Jamon Serrano means “Mountain ham” and can best be described as having a taste like Italian prosciutto crudo or the French Jambon Bayonne. This ham is dry cured with salt and is only made from the “Landrace” breed of pig from the Sierra mountains in Spain. The taste, compared to the  Prosciutto crudo, is more of an upfront salty-pork flavor and noticably lacking in the last Parmesan-umami taste at the back of the throat that prosciutto exhibits. I like this ham on pizza because of the amount of fat in each slice. I tear the fatty pieces  to cook in the oven (which creates some bodacious cracklings), while saving the crudo for topping the warm pizza.

I love fresh raw asparagus on pizza as much as the next guy but with this recipe, I take off the outer skin and “shock” the asparagus. This par-cooks the aspargus for 30 seconds and then fast-cools it, setting the chlorophyl or green color.

Asparagus and Serrano Ham Pizza

1 Easy Dough recipe

4 to 7 fat stalks of fresh, local aparagus

6 to 7 slices of Serrano ham

3 whole canned San Marzano tomatoes

1 tablespoon extra virgin olive oil

4 tablespoons shredded imported Manchego cheese

5 to 6 small balls of Boccocini (fresh mozzarella balls)

Make two 7 ounce dough balls. Freeze one for later or double this recipe for 2 pies.

Preheat an upturned cookie sheet on the middle rack of your oven set at 475 degrees.

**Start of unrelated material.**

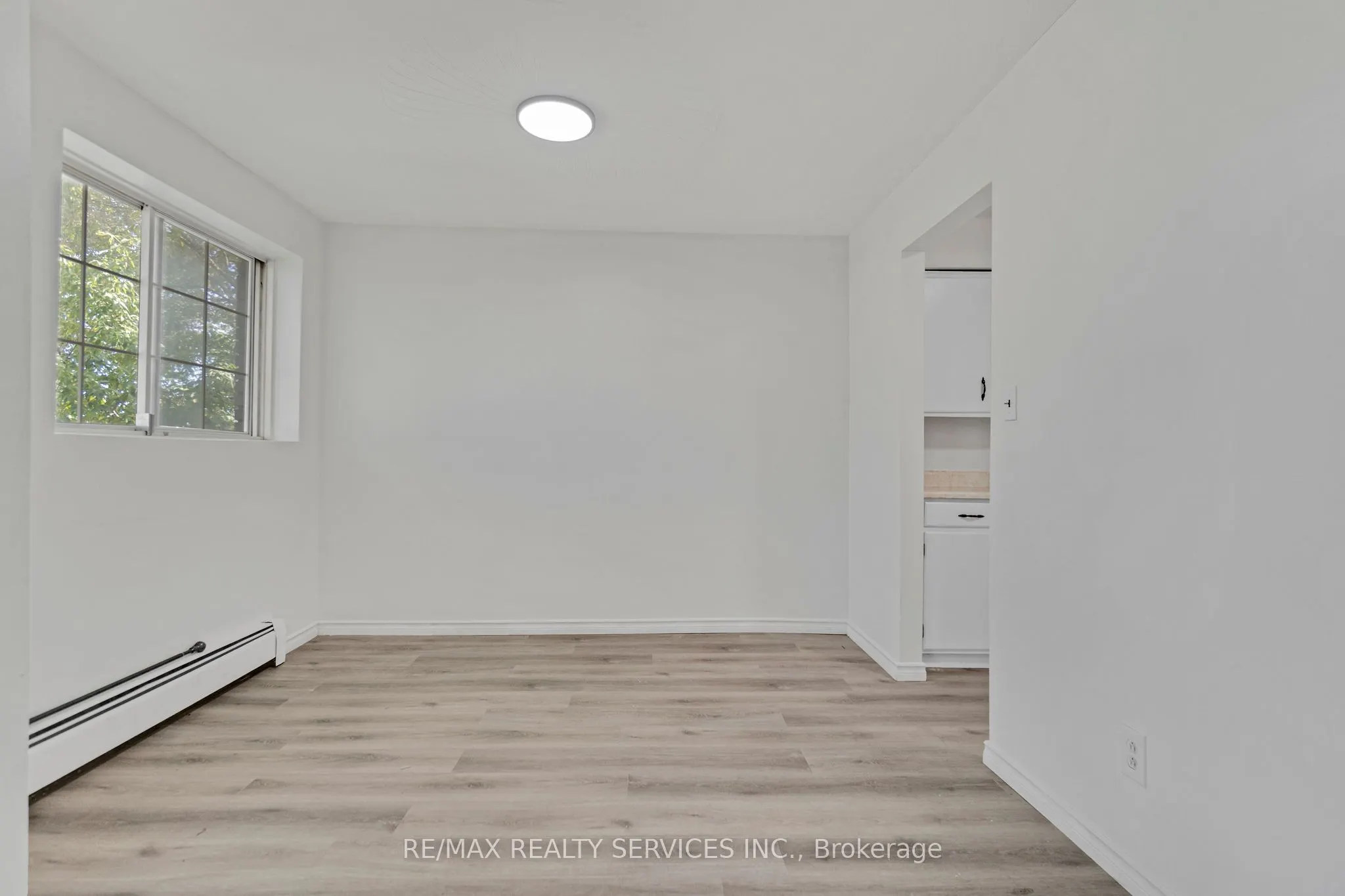 4218 Portage Road, #204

Put a 3-quart pan filled halfway with water on a high burner to boil. Add a teaspoon of salt to the water.

Using a peeler, lay the asparagus down on cutting board and run the peeler down along the stalk, taking as little of the skin of as possible. Roll the stalk and peel the skin around the whole stalk. Do not run the peeler twice in the same spot or you will take the meat off and end up with nothing.

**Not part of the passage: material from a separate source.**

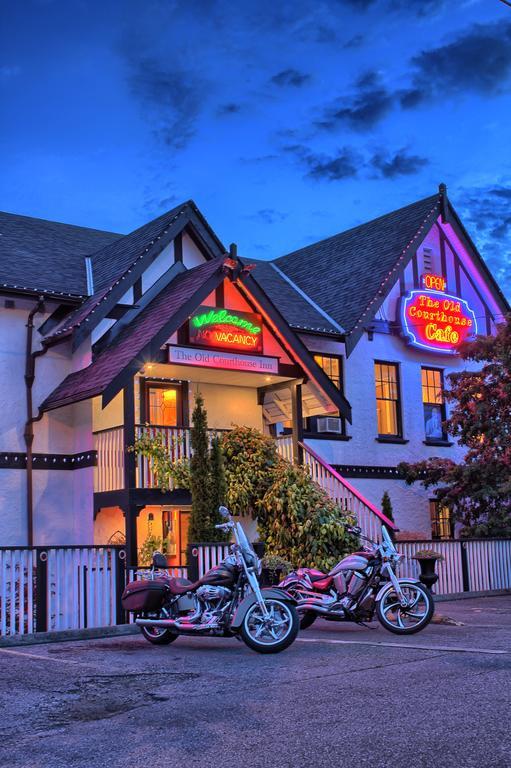 The Old Courthouse Inn Powell River Esterno foto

Fill a large bowl with water and add 4 to 6 ice cubes.

Place asparagus in the boiling water and count to 30 seconds. Do not walk away. Grab the asparagus with tongs and transfer to the ice bath.

Take the asparagus out of the water and cut each stalk in half lengthwise.

Cut the fatty portion off each slice of Serrano ham.  Wrap the non fatty portion around each half-stalk of asparagus.

Open the can of tomatoes and place in a colander to drain. Tear the best 3 tomatoes into filets. Place on a plate. (For true San Marzano tomatoes, note the D.O.P. or Denominazione D’Origine Protetta on the side of the can, the 3 seals on the left side of the can).

To Assemble the Pizza:

Form the pizza dough according to the easy pizza dough recipe. Place the dough on a piece of parchment paper.

1. 2. 3. 4.

1. Pour the extra virgin olive oil onto the dough.

2., 3. Scatter the Manchego on the dough, followed by the fatty ham and the tomato filets.

4. Place the fresh mozzarella balls on top.

Place the pizza with the parchment on the preheated cookie sheet and close the oven. This pizza should cook in 10 to 12 minutes. Check for even cooking after 5 minutes and turn accordingly. The final pizza should be golden brown and more brown on the bottom.

Pull from oven and place aspargus on the pizza in spokes. You may have to trim the asparagus. Place one half mozarrella ball in the middle of the spoke. Serve immediately. Don’t cut this baby until you get a ‘wow factor’ response from your family or hungry guests.